Eventually, Melick graduates and she’s introduced to the fast-paced world of engineering! Melick takes us through the giddiness of having a first job to the pain of being acclimated to a gobbledy-gook set of acronyms. (My theory: acronyms are there to make engineers look smart, because no one in any two companies ever uses the same set. Knowing what’s behind a certain set of letters give false confidence in one’s knowledge.)
Melick never totally drops her nerd passions, which leads me to one of my favorite strips on Wasted Talent: Melick goes to a corporate convention that she treats like a comic con. The basic concept is “What if you treated energy management with the same ridiculous energy as getting a signed comic book”? It’s a simple gag, and it works… especially if you’ve ever been to a soul-crushing corporate convention. Melick is her typical silly self, looking at the world through sugar-coated glasses.

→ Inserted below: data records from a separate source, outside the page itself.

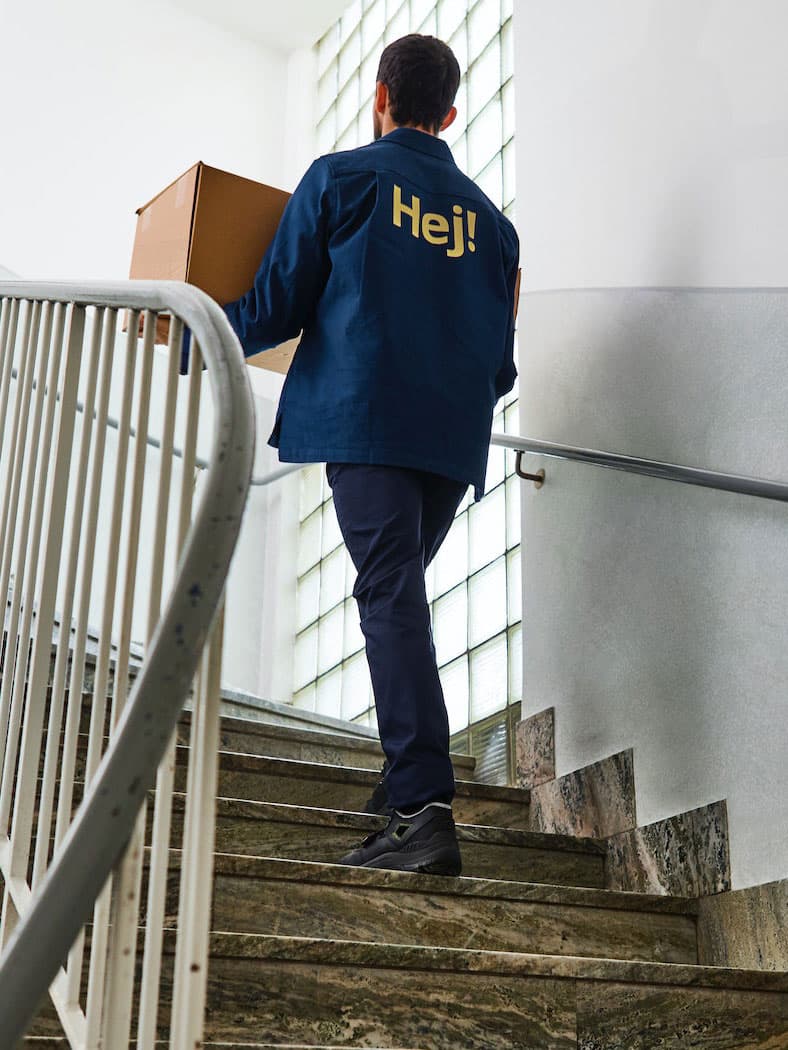 Man walking up stairs carrying box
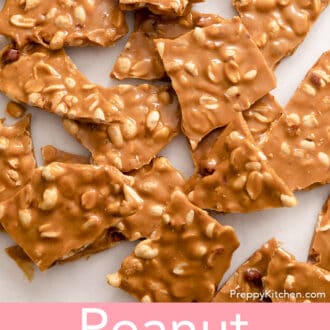 Peanut brittle arranged on a white surface.
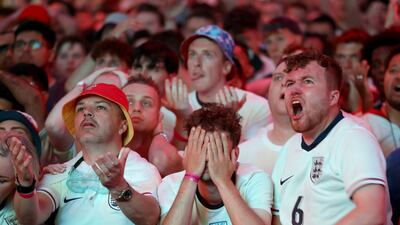 Dejected England fans react at Box Park Wembley in London during a screening of the Uefa Euro 2024 final between Spain and England. PA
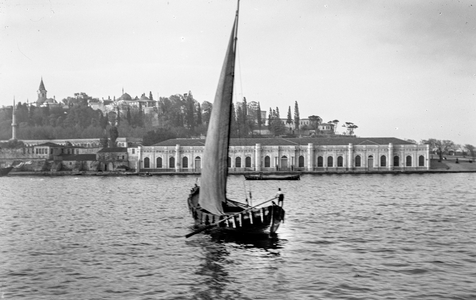Vintage coastal scene on the Caspian sea with sailboat, 1908 (photo)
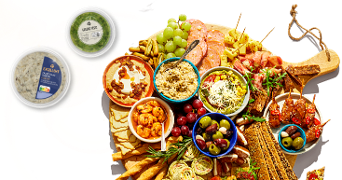 Borrelplank met verschillende hapjes waaronder druiven, olijven, toast, gedroogde worst, kaas, geroosterde groenten, garnalen en diverse dips zoals AH Excellent tonijnsalade en groene pesto.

The latest strips almost take a Foob-ian turn as Melick chronicles the struggles she has with vision, chiropractors, and ergonomic chairs. It weird to look back at all the jokes about college and see it transform into something more domestic and everyday. (Fighting off the urge to hum “Sunrise, Sunset” here.)
That’s OK, though. The real secret of a successful autobiographical comic is all in the presentation. Can you make goofy observations about waiting in line at the airport security? Then by God, kid, you’ve got a future ahead of you in journal comics.